Find translation memory to integrate with and implement integration [#740494]

Translation memories are very good in helping you figure out how to translate strings, and especially help you when only little things changed in the source text from a previous version. Ideally we'd have a third party translation memory running which we could fed with all the translations and ask for suggestions on concrete ones when users ask for that.

This needs:

1. Selection of a tool we could use (preferably open source but hopefully at least free so we can skip licensing costs)
2. Integration in feeding it with our data continually (feeding with .po files can be considered a standard feature)
3. Integration in asking for info on certain strings when the user initiates this (via AJAX/AHAH I'd assume)

This will most probably not fit into one issue, but we need to start someplace. Let's keep this for point 1 and a meta-issue for the rest.

Comments

Comment #1

gábor hojtsy

he/him

Hungarian

Hungary

commented 12 March 2010 at 10:33

#194141: Implement msgmerge type fuzzy matching (which was previously marked duplicate of #563228: Suggestion for similar strings) marked as duplicate.

Comment #2

gábor hojtsy

he/him

Hungarian

Hungary

commented 12 March 2010 at 10:38

A nice summary with list of tools available at http://en.wikipedia.org/wiki/Computer-assisted_translation#Comparison_of...
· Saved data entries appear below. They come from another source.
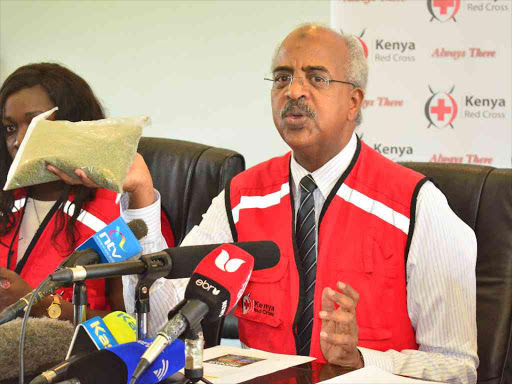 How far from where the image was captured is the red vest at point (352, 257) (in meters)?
1.89

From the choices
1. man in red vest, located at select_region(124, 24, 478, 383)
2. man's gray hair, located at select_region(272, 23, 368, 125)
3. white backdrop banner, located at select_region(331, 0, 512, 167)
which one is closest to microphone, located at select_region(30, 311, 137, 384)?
man in red vest, located at select_region(124, 24, 478, 383)

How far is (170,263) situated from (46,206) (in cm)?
120

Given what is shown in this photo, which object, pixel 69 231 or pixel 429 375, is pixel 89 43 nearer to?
pixel 69 231

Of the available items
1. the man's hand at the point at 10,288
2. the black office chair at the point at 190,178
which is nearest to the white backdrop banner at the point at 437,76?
the black office chair at the point at 190,178

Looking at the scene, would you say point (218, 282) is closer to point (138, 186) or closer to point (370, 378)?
point (370, 378)

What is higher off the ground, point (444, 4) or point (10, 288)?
point (444, 4)

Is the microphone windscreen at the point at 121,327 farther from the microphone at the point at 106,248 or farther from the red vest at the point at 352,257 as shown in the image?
the red vest at the point at 352,257

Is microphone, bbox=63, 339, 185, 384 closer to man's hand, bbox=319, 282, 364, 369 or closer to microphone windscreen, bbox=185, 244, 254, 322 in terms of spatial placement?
microphone windscreen, bbox=185, 244, 254, 322

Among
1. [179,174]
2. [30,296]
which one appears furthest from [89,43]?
[30,296]

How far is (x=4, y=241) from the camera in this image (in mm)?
2242

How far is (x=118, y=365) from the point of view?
1.17 metres

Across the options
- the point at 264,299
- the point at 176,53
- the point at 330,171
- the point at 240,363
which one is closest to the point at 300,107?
the point at 330,171

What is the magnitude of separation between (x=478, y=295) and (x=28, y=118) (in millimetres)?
1344

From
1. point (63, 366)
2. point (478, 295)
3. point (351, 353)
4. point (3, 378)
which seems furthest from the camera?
point (478, 295) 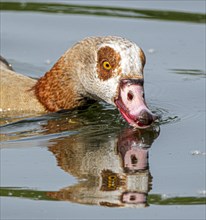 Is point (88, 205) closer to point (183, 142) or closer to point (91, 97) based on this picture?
point (183, 142)

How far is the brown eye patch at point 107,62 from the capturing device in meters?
11.2

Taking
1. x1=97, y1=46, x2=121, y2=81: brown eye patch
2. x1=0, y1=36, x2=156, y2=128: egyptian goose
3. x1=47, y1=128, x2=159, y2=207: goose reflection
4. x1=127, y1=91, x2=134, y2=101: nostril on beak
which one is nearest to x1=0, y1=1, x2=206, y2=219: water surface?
x1=47, y1=128, x2=159, y2=207: goose reflection

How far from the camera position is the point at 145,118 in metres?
10.7

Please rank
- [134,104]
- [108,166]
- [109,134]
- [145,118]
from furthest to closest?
1. [109,134]
2. [134,104]
3. [145,118]
4. [108,166]

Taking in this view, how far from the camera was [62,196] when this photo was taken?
30.2 feet

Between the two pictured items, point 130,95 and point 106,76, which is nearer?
point 130,95

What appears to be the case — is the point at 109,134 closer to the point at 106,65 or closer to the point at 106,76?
the point at 106,76

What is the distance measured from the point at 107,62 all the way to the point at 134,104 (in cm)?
66

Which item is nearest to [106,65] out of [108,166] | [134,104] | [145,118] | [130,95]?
[130,95]

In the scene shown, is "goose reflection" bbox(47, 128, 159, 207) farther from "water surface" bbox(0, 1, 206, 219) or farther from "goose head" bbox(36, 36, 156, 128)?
"goose head" bbox(36, 36, 156, 128)

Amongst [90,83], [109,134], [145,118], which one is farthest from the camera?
[90,83]

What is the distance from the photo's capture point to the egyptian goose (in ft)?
35.9

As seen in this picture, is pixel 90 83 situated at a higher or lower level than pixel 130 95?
higher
Our basic criteria is that it needs to be integrable through some API, ideally by running as a daemon we can communicate with.

Comment #3

hass commented 12 March 2010 at 13:20

Comment #4

gábor hojtsy

he/him

Hungarian

Hungary

commented 16 March 2010 at 10:05

PoEdit's translation memory algorithm is remarkably simple, explained and implemented (in C) here: http://poedit.svn.sourceforge.net/viewvc/poedit/poedit/trunk/src/transme...

Comment #5

Thomas_Zahreddin commented 5 October 2010 at 12:51

see http://drupal.org/node/608288#comment-3532364

Comment #6

webchick

she/they

English

Vancouver 🇨🇦

commented 28 July 2011 at 21:18

subscribing. sounds interesting.

Comment #7

balagan commented 13 August 2012 at 19:25

Virtaal (a CAT tool written in python) searches on opentran.eu too, and it is quite fast. Don't forget, that we need to solve segmentation issues too. What I mean by this is that there are large translatable segments consisting of many sentences. These are not really reusable. http://translate.sourceforge.net/wiki/toolkit/posegment does this job, if the number of sentences is equivalent in source and target segments. One arguable solution is to offer presegmented text for the translator, so they would never have to deal with large chunks of sentences, it would be solved transparently. The possibility of expanding the segments should be kept for the translator in order to correctly align wrongly determined sentence boundaries.
Some ideas about fuzzy searching algorithms: http://en.wikipedia.org/wiki/Fuzzy_string_searching
I think it might be quite a challenging task, although it would be a wonderful feature. Implementing a wordlist (http://drupal.org/node/263794) sounds a lot easier job, which also has a nice reward (consequency), I think that should be first implemented.

Comment #8

Thomas_Zahreddin commented 13 August 2012 at 16:57

i found a nice collection of tools:

http://www.uibk.ac.at/tuxtrans/software.html

- all open source (i think).

Comment #9

balagan commented 13 August 2012 at 19:08

By the way, Pootle, the other product of Virtaal's creators has some built-in translation memory management: http://en.wikipedia.org/wiki/Pootle, http://translate.sourceforge.net/wiki/pootle/updatetm
It is also worth checking: http://open-tran.eu/dev.html

Comment #10

balagan commented 13 August 2012 at 19:17

Thomas, no real Translation memory server included in the collection, though the alignment tools might be useful for proper segmentation.

Comment #11

balagan commented 15 August 2012 at 13:18

I more and more like open-tran.eu
It is open source, written in python, you can find its svn repo here: http://code.google.com/p/open-tran/

Wow, our problem is partially solved already, check it out: http://babelwiki.babelzilla.org/index.php?title=Open-Tran
(I still haven't checked it, will do when have more time)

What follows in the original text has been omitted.